▶ _PROBLEM REQUIREMENTS_
Keep the pictures out. Restate the entries below word for word.

(Stored data entries)
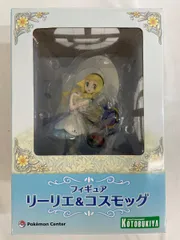 リーリエ コスモッグ1／8スケールフィギュア Amazon | ポケモンセンターオリジナル フィギュア リーリエ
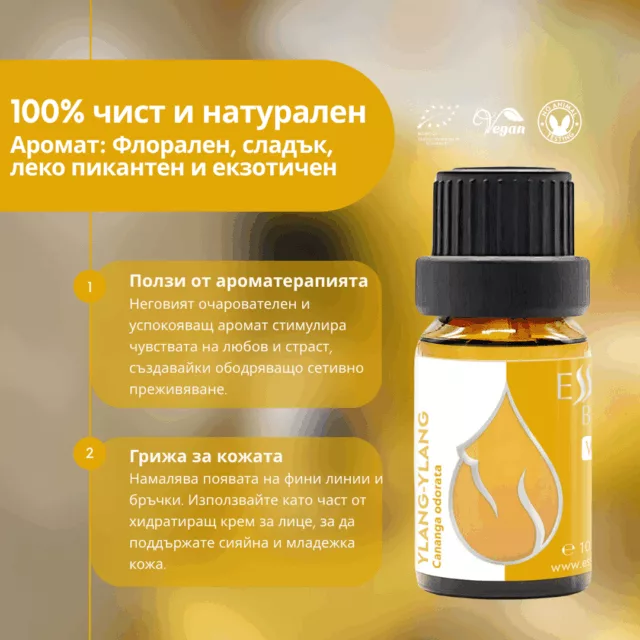 БИО Етерично масло Иланг иланг 2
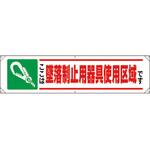 墜落制止用器具横幕 ユニット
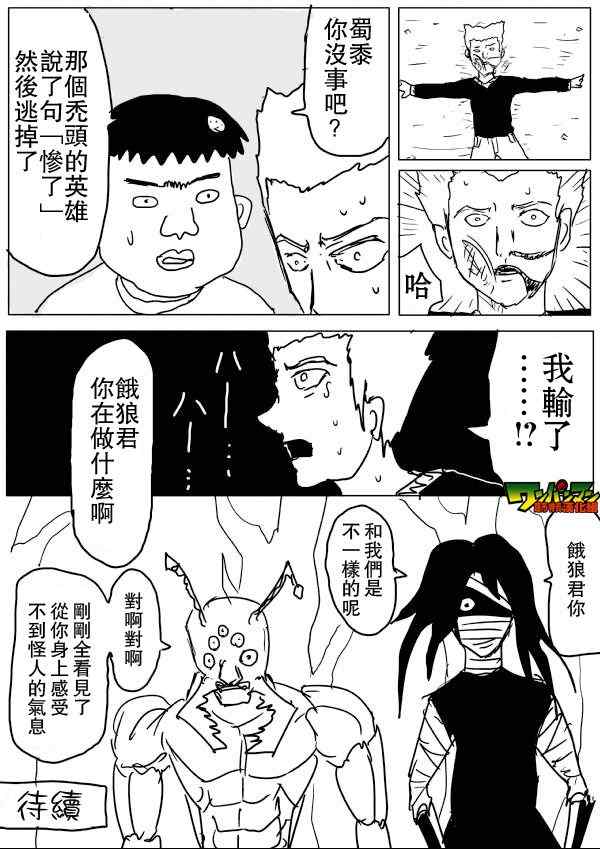 《一拳超人》漫画最新章节原作版55免费下拉式在线观看章节第【15】张图片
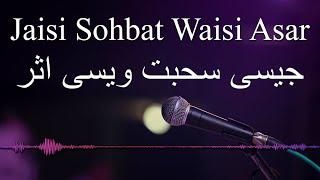 Jaisi Sohbat Waisi Asar | Bayan | جیسی صحبت ویسی اثر : Mr. Virani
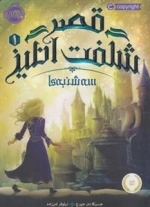 قصر شگفت انگیز 1: سه شنبه ها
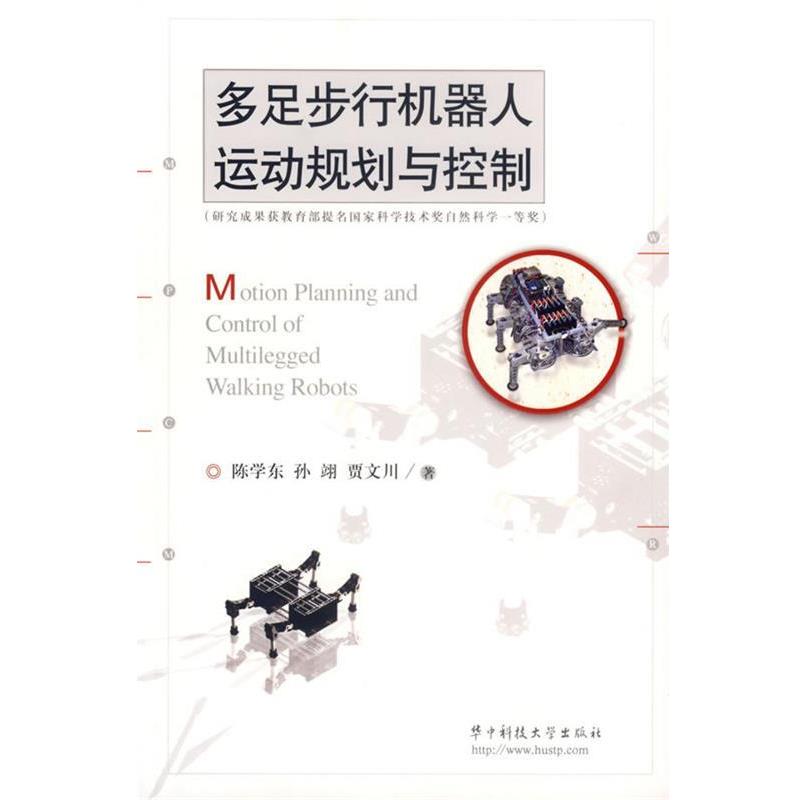 【正版书籍】 多足步行机器人运动规划与控制 陈学东,孙翊,贾文川 著 华中科技大学出版社
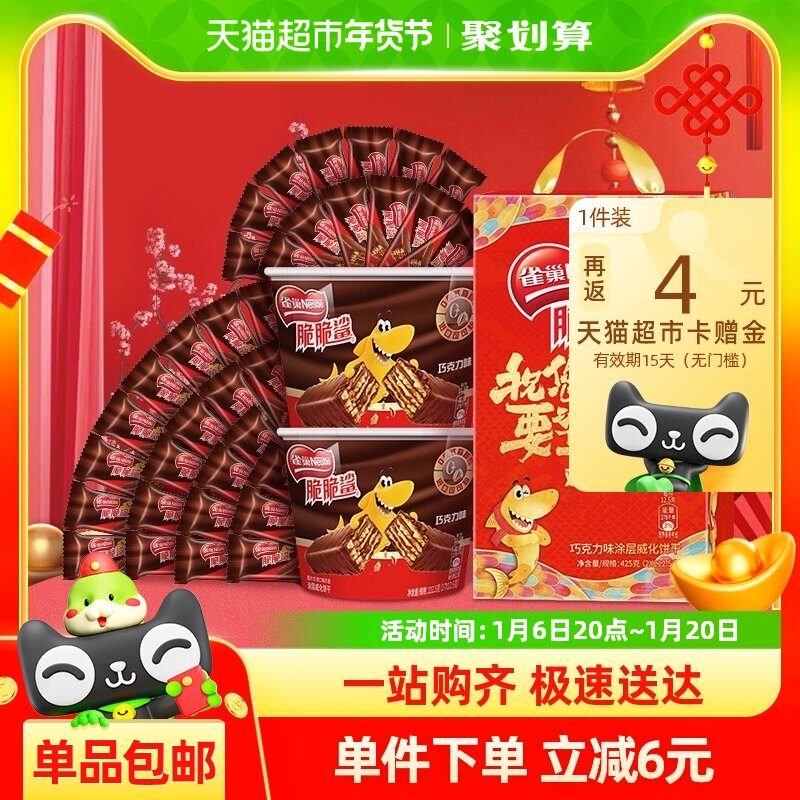 雀巢脆脆鲨巧克力味涂层威化饼干双碗欢享礼盒425g休闲零食送礼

▶ _SOLVED PROBLEM_
 リーリエ コスモッグ1／8スケールフィギュア Amazon | ポケモンセンターオリジナル フィギュア リーリエ
 БИО Етерично масло Иланг иланг 2
 墜落制止用器具横幕 ユニット
 《一拳超人》漫画最新章节原作版55免费下拉式在线观看章节第【15】张图片
 Jaisi Sohbat Waisi Asar | Bayan | جیسی صحبت ویسی اثر : Mr. Virani
 قصر شگفت انگیز 1: سه شنبه ها
 【正版书籍】 多足步行机器人运动规划与控制 陈学东,孙翊,贾文川 著 华中科技大学出版社
 雀巢脆脆鲨巧克力味涂层威化饼干双碗欢享礼盒425g休闲零食送礼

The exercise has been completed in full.